A new study from the Washington University School of Medicine in St. Louis claims that months after recovering from mild COVID-19 cases, people still have antibodies present protecting them against the coronavirus.

These findings were published in the journal Nature on May 24th, suggesting that these mild COVID-19 cases will leave a person with enough protection to where reinfection would be unlikely (Washington University School of Medicine in St. Louis). “Last fall, there were reports that antibodies wane quickly after infection with the virus that causes COVID-19, and mainstream media interpreted that to mean that immunity was not long-lived, said senior author Ali Ellebedy, PhD, an associate professor of pathology & immunology, of medicine and of molecular microbiology.

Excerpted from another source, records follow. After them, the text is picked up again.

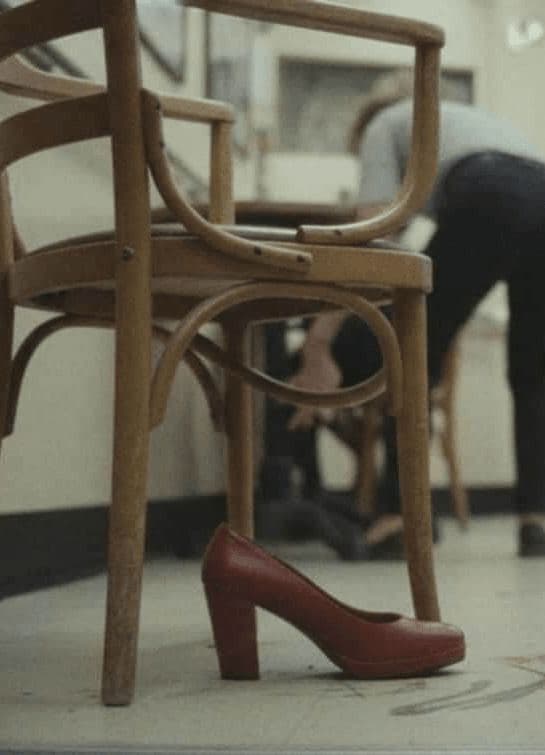 Crimson Heel on Linoleum — photograph by Yuri Petrenko — MODULAR · 13 × 18 cm limited edition of 10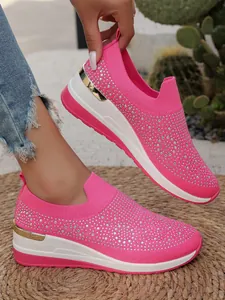 Dettaglio di sneaker con zeppa rosa, decorata con strass e tessuto a rete traspirante.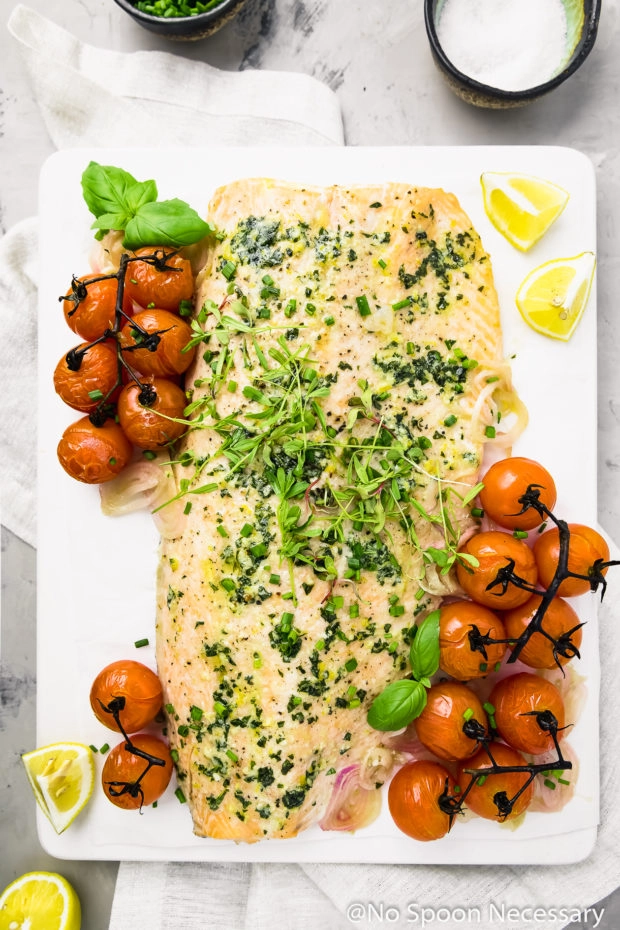 Overhead shot of Oven Baked Basil Butter Salmon with Burst Tomatoes on a white board with a neutral linen, lemon wedges and bowls of chives and sea salt surrounding the board.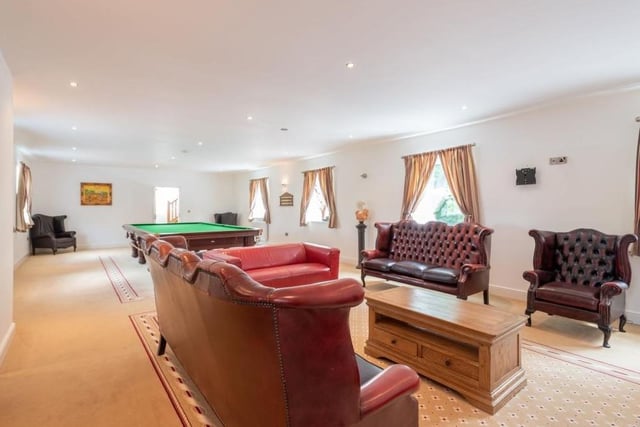 It's time to move into the self-contained apartment now. Probably its most impressive asset is this snooker room and lounge.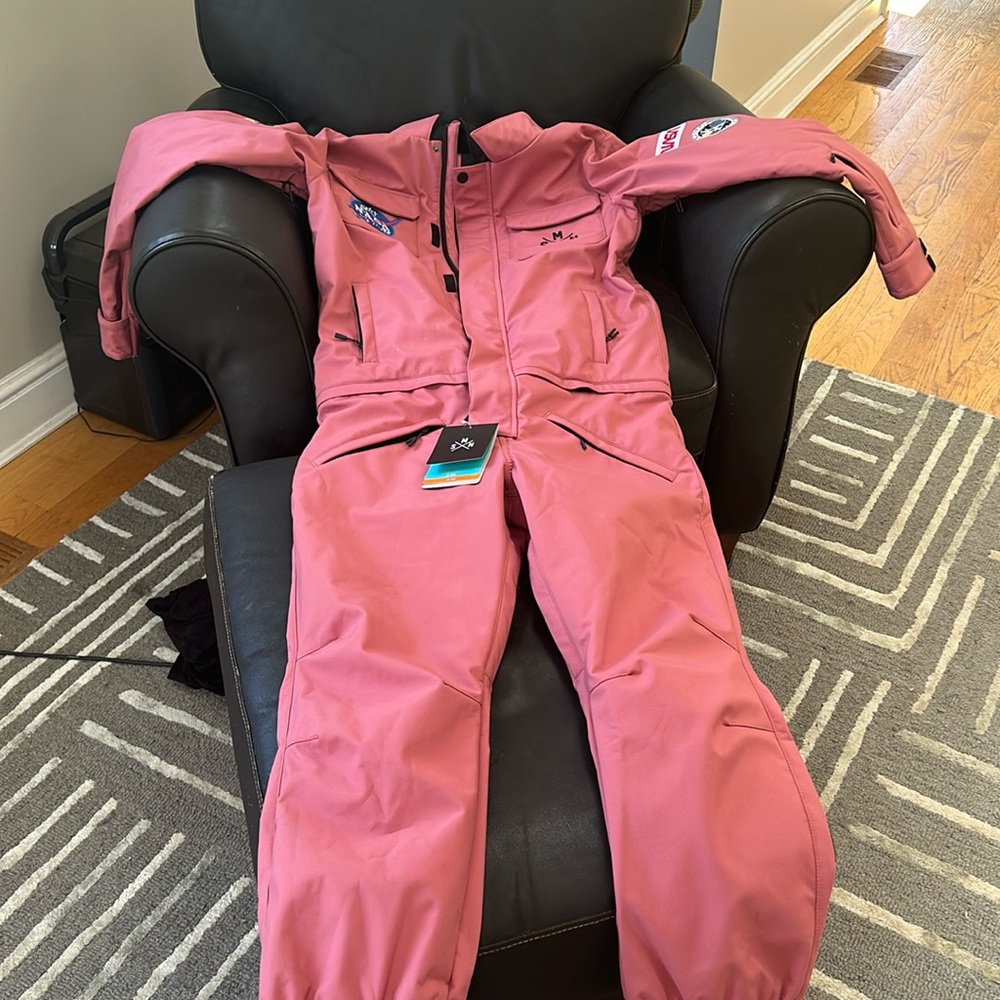 Snowverb one piece snow suit never used.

“But that’s a misinterpretation of the data. It’s normal for antibody levels to go down after acute infection, but they don’t go down to zero; they plateau. Here we found antibody-producing cells in people 11 months after first symptoms. These cells will live and produce antibodies for the rest of people’s lives. That’s strong evidence for long-lasting immunity.” Ellebedy realized that the key to figuring out whether a coronavirus infection leads to long-lasting antibody protection lies in bone marrow.

The study included 77 participants who were giving blood samples at three-month intervals beginning roughly a month after the initial coronavirus infection. Ellebedy and her colleagues obtained bone marrow from 18 participants seven to eight months after the initial infections. Five of them came back four months later for a second bone marrow sampling. These samples were compared to bone marrow samples from people who did not have COVID-19.

Antibody levels in the blood of COVID-19 participants dropped quickly in the first few months after infection, as expected. The levels then mostly leveled off. Additionally, 15 of the 19 bone marrow samples from infected participants contained antibody-producing cells specifically targeting the coronavirus that causes COVID-19. These cells could be found four months later in the five people who returned to give a second bone marrow sample. This was not seen in any of the 11 people who had never had COVID-19. “People with mild cases of COVID-19 clear the virus from their bodies two to three weeks after infection, so there would be no virus driving an active immune response seven or 11 months after infection,” Ellebedy said.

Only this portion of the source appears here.